**Work task:**
Please print nothing but the lines from the one containing "Candeeiros de chão" to the final line below, exactly, and no pictures.

▼

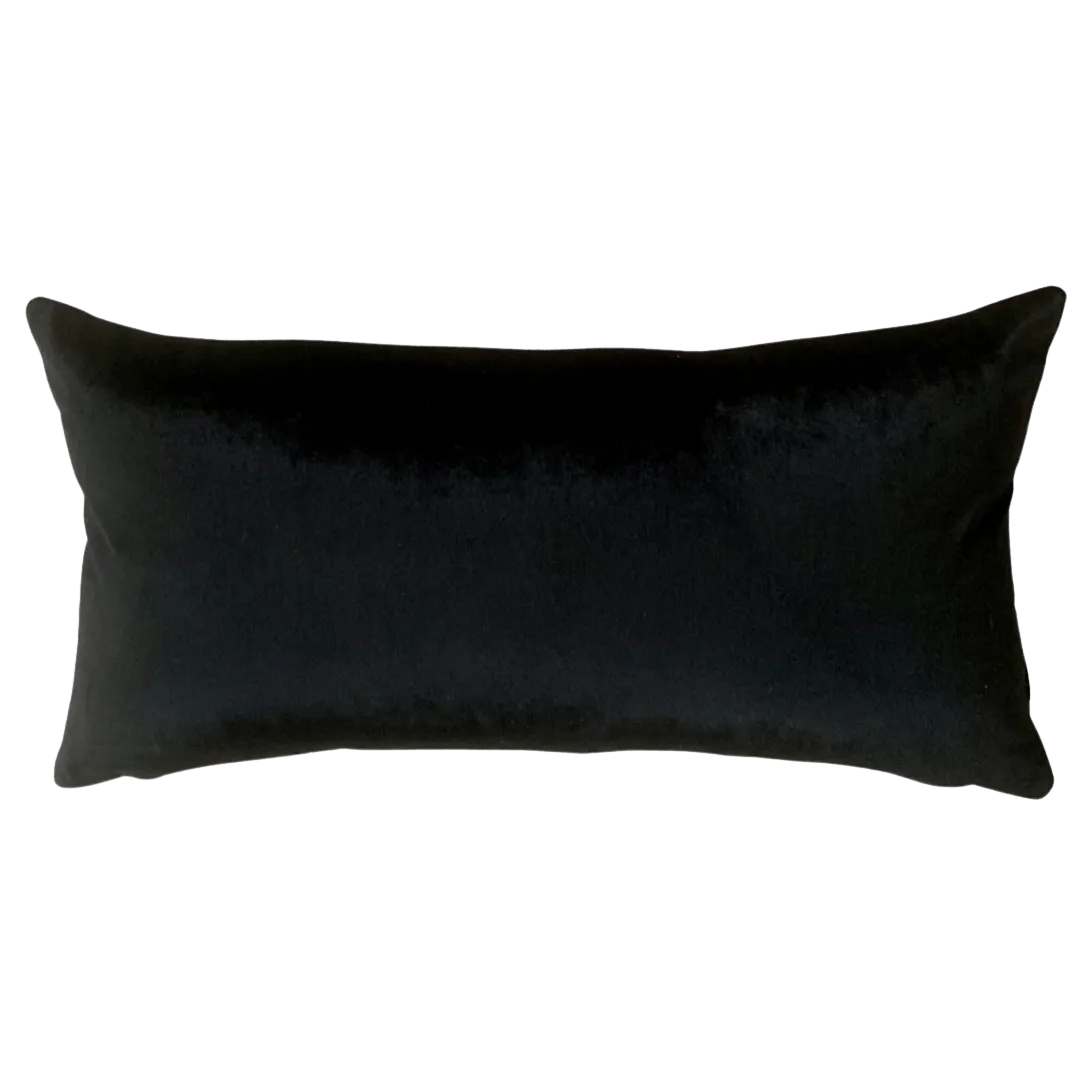 plush black faux fur pillow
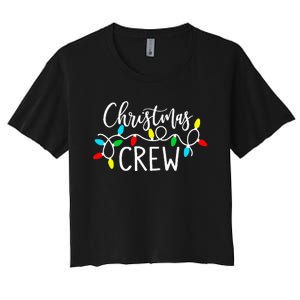 Christmas Crew Xmas Lights Pajama Happy Holiday Women's Crop Top Tee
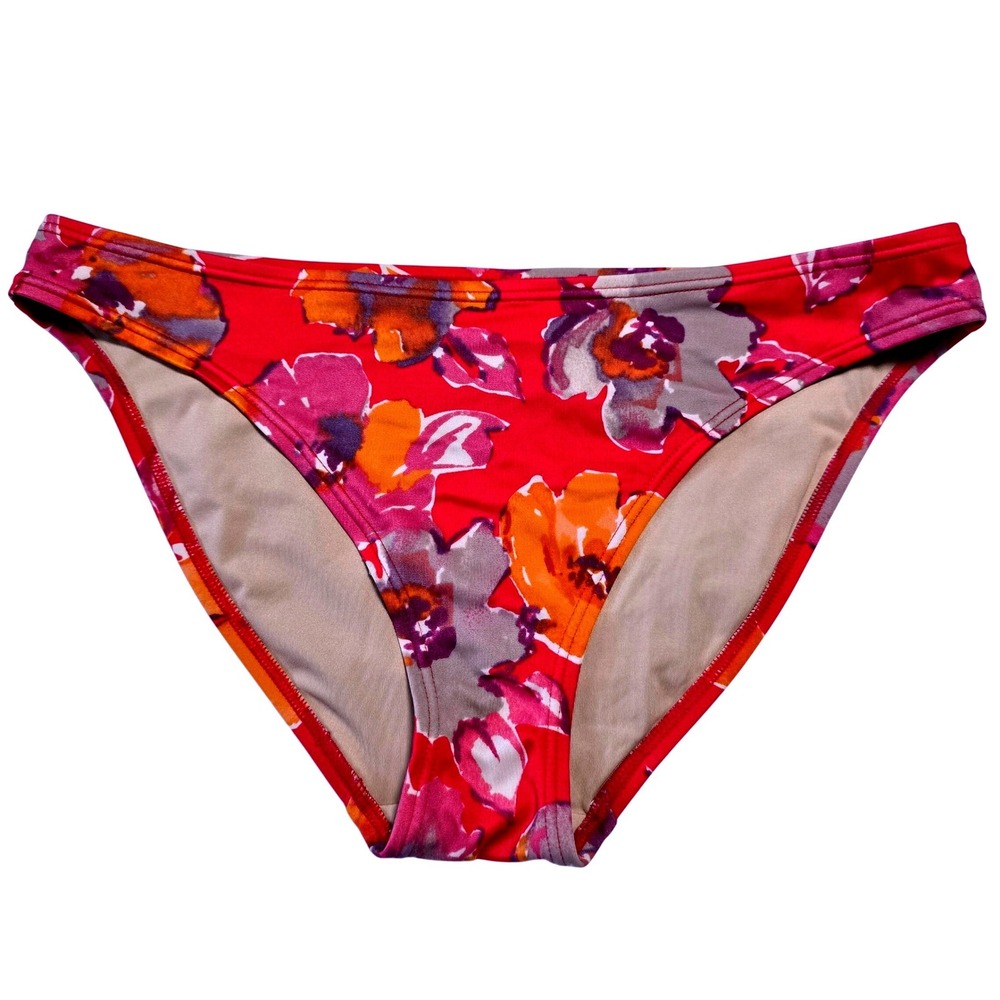 Women Size L Scoop Bikini Swim Bottom Red Orange Floral Print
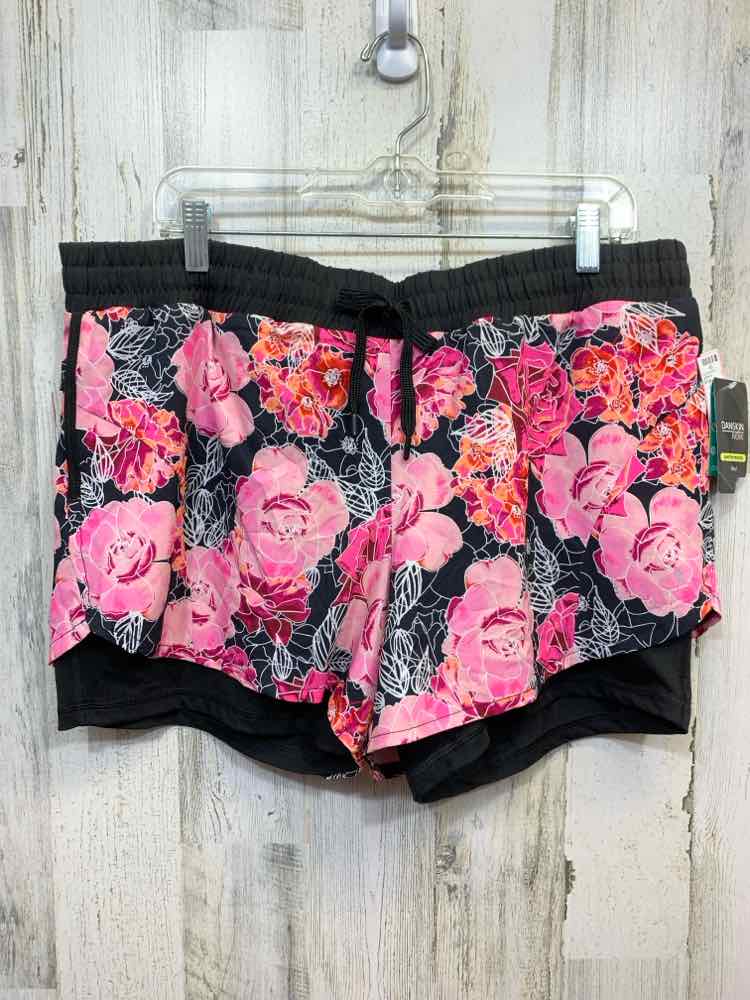 NWT DANSKIN Activewear XL PINK/BLK Floral SHORTS Activewear Bottom/FLORAL ACTIVE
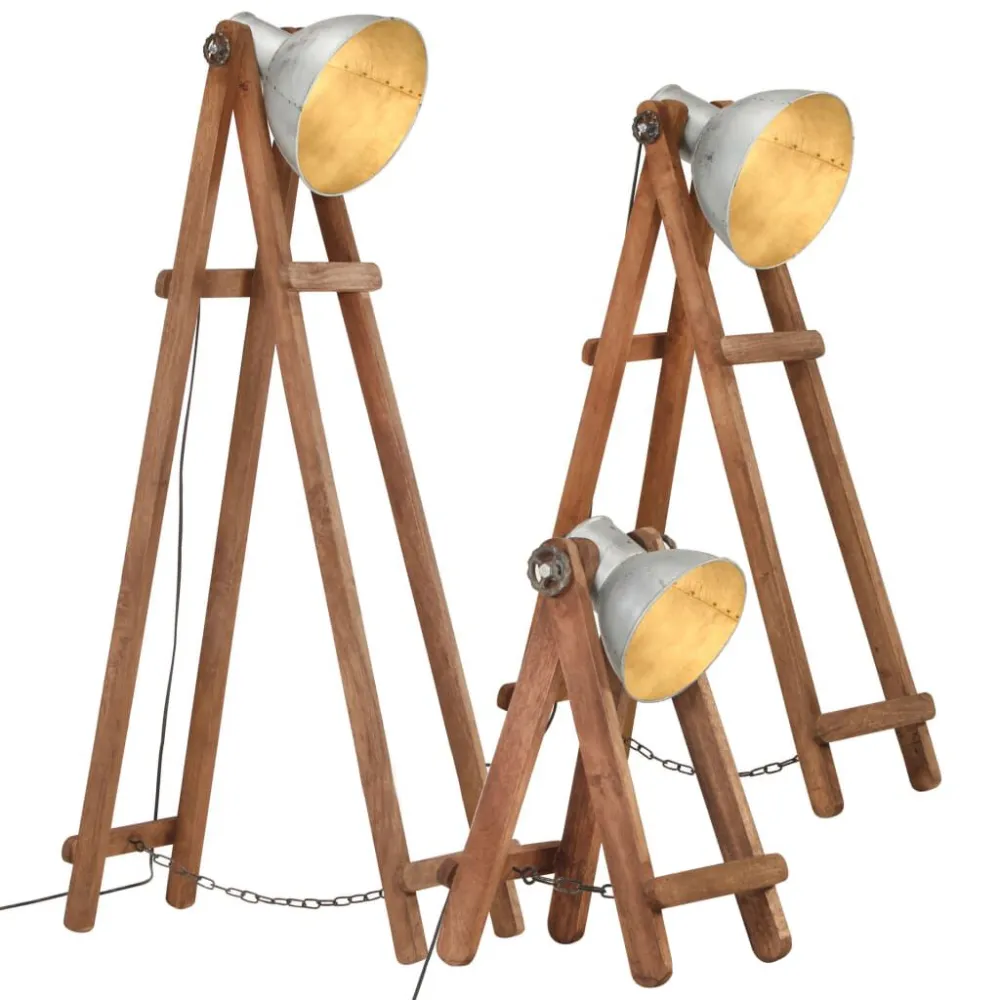Candeeiros de chão 3 pcs E27 mangueira maciç prateado vidaXL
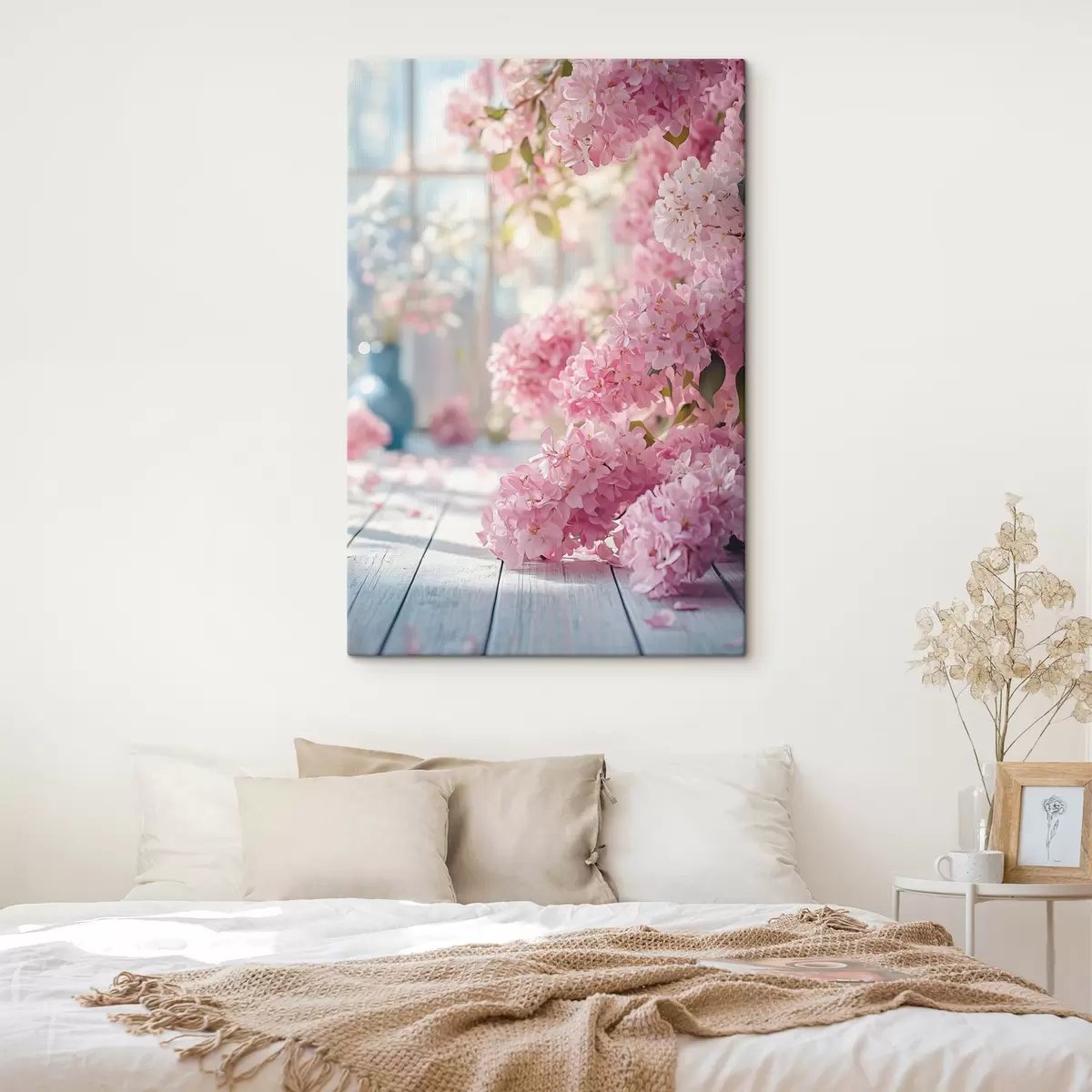 Glezna Rozā ceriņi uz loga fona s41748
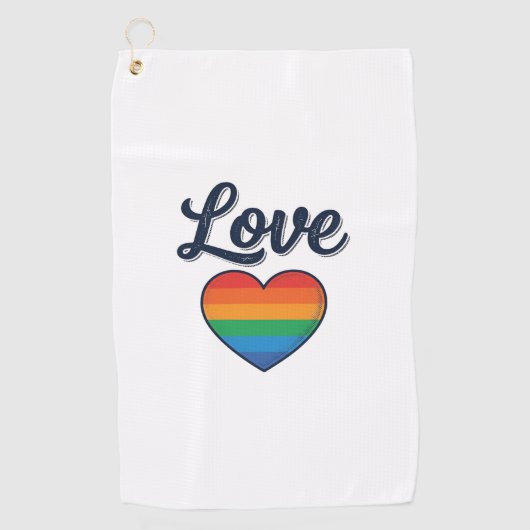 Serviette De Golf Conception de chemise vectorielle Love Rainbow Hea (Devant)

▲

**Solution to the exercise:**
Candeeiros de chão 3 pcs E27 mangueira maciç prateado vidaXL
 Glezna Rozā ceriņi uz loga fona s41748
 Serviette De Golf Conception de chemise vectorielle Love Rainbow Hea (Devant)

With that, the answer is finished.